After digesting this responce I will try it again.
Guy

----- Original Message -----
From: "George Huxtable" 
To: 
Sent: Saturday, June 24, 2006 2:17 PM
Subject: Re: I knew where we were, but where are we now?


> Guy Schwartz asked-
>
> This has probably been discussed here before, but hopefully someone
> will help me out. I'm trying to find the formula for caculating your
> DR after traveling from a know position.
> For instance:
> Last Fix
> 40 deg 07 min N
> 44 deg 37 min W
> Course 090
> distance traveled 56.88 Nm
> New DR?
> It would be a big help to me if someone that knows the formula could
> incorparate the above example so I could follow along.
> Thank you,
> Guy
> ===========================
>
> Pierre Boucher provided a helpful response, though his statement -
> "To find DLo (difference of longitude in minutes of longitude)
> distance travel / cos(mid latitude)"
> omits reference to course, and is true only in the special
> circumstances of Guy's Easterly-course example
> Not sure about that from Yanni Nikopoulos. But I think theres a bit
> more to add. We will assume that for our purposes the Earth is a
> sphere, which is usually good enough.
>
> If you are steering a constant course (i.e. a rhumb line), then it's
> always exactly true that your change in latitude in arc-minutes,
> measured positive Northwards, is distance (in miles) x cos course,
> where course is an angle measured clockwise from North, 0 to 360
> degrees. It will be a positive change, if your course has a Northerly
> component, and a negative change if it's at all Southerly. Add that
> change to your initial latitude, allowing for sign, and you have the
> latitude of your destination. That part is simple, then, however long
> your journey is.
>
> Calculating change in longitude is a bit more complicated, because the
> length of a degree of longitude varies, over the Earth's surface, as
> the latitude changes. I always like to consider longitudes as positive
> Westward (though several authorities differ) in order to keep
> longitudes in line with hour-angles, which increase Westward. In which
> case, when travelling small distances (of less than 60 miles or so)
> it's nearly true to say that the change in longitude in arc-minutes,
> measured positive Westward, is distance (in miles) x (- sin course) /
> (cos lat).

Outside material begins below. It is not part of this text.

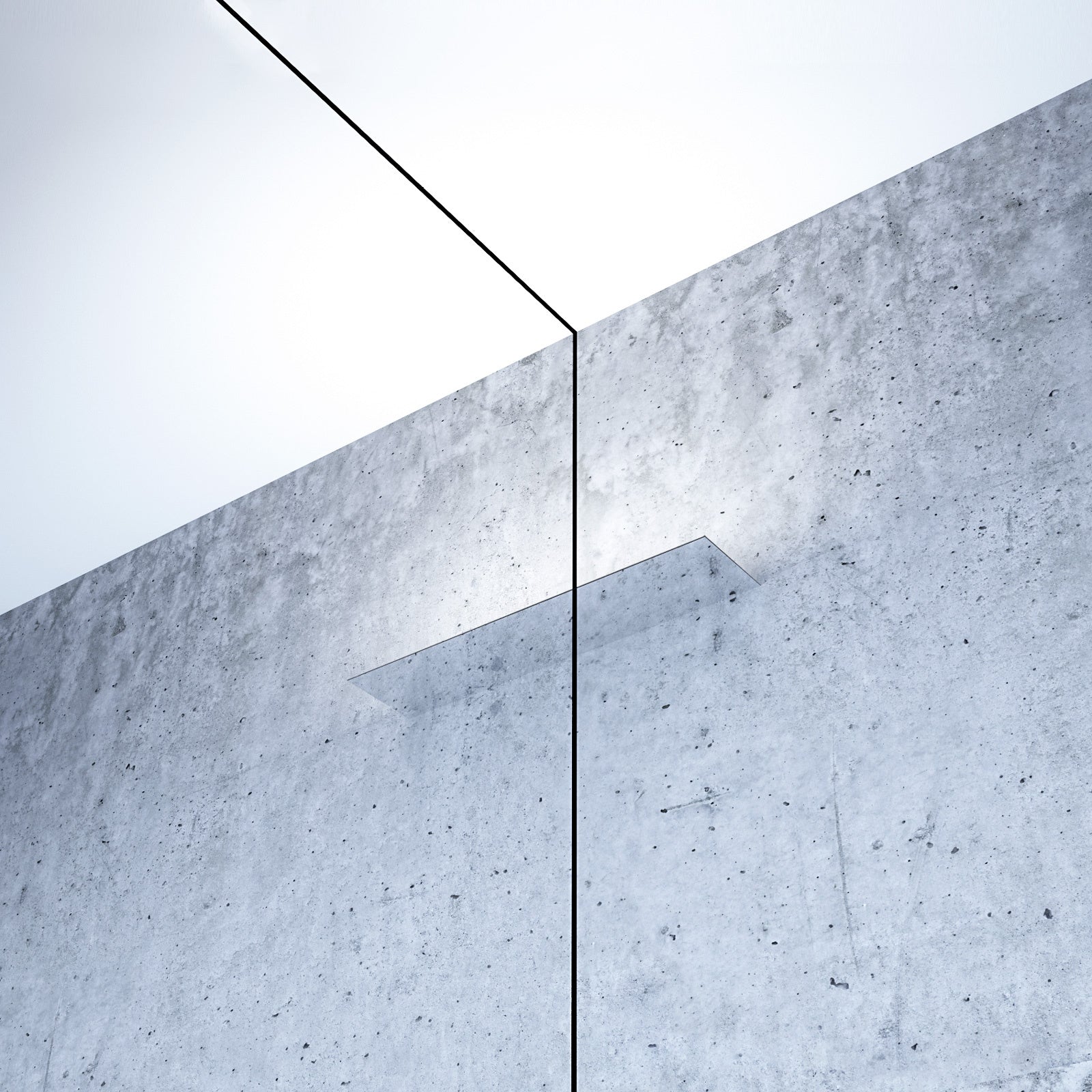 Mirror finished LED wall light on concrete wall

The problem with that simple approach is that the latitude
> is changing slightly, from one end of the leg to the other, so what
> value of lat do you use in that formula to calculate change of long?
> If there's hardly any change in lat, from one end of the leg to the
> other, either because the leg is so short, or because the course in
> nearly due East or due West, then it just doesn't matter; you can take
> the lat, in that expression, to be the latitude of your starting
> point. Doing the calculation that way is often referred to as "plane
> sailing", because it's treating the Earth locally as if it was a plane
> surface rather than as part of a sphere. In those circumstances, this
> is a good enough approximation.
>
> The example that Guy has quoted is not really an informative one, in
> that with a course of exactly 90 degrees (due East) it's trivially
> simple. The latitude stays the same throughout, at 40 deg 07' N.
> Because it does, our plane-sailing approximation becomes exact, at
> 56.88 x (- sin 90) / cos 40 deg 07', or - 74.4 arc-minutes, so the
> initial long of 44 deg 37' W must be reduced by 74.4 minutes to 43 deg
> 22.6' W. Just as Pierre Boucher showed.
>
> For a longer travel, which involves a change in latitude, you can make
> a much better approximation, quite simply, in the following way.
> First, calculate the change in latitude as before, to get the exact
> latitude at the end of the leg. Now simply average those two values
> for latitude, at the start of the leg and at the end of it. Now use
> this average latitude, or "middle-latitude" in that formula for change
> in long, which becomes-
> Westing in minutes = distance x (- sin course) / cos (mid-lat).
> Calculating in this way was known as "middle-latitude sailing", for
> obvious reasons, and was used in medium-length sea voyages, from one
> headland to another. Even that, however, is only an approximation, and
> for long ocean passages, particularly those that cross the Equator, it
> can be seriously in error.
>
> However, there is a way to calculate a rhumb-line destination
> precisely, for any journey A to B, in which a constant course is
> maintained, no matter how long it might be. This is known as "Mercator
> sailing". First, knowing the latitude of A, work out the exact
> latitude change just as before, so now we have the two latitudes A and
> B. Next, convert each of those latitudes into a value that's known as
> "Meridional Parts", or MP. Tables to do this were available in the
> epitomes that were available to old mariners. But you can convert a
> lat to its equivalent in MP yourself dead easily with a calculator.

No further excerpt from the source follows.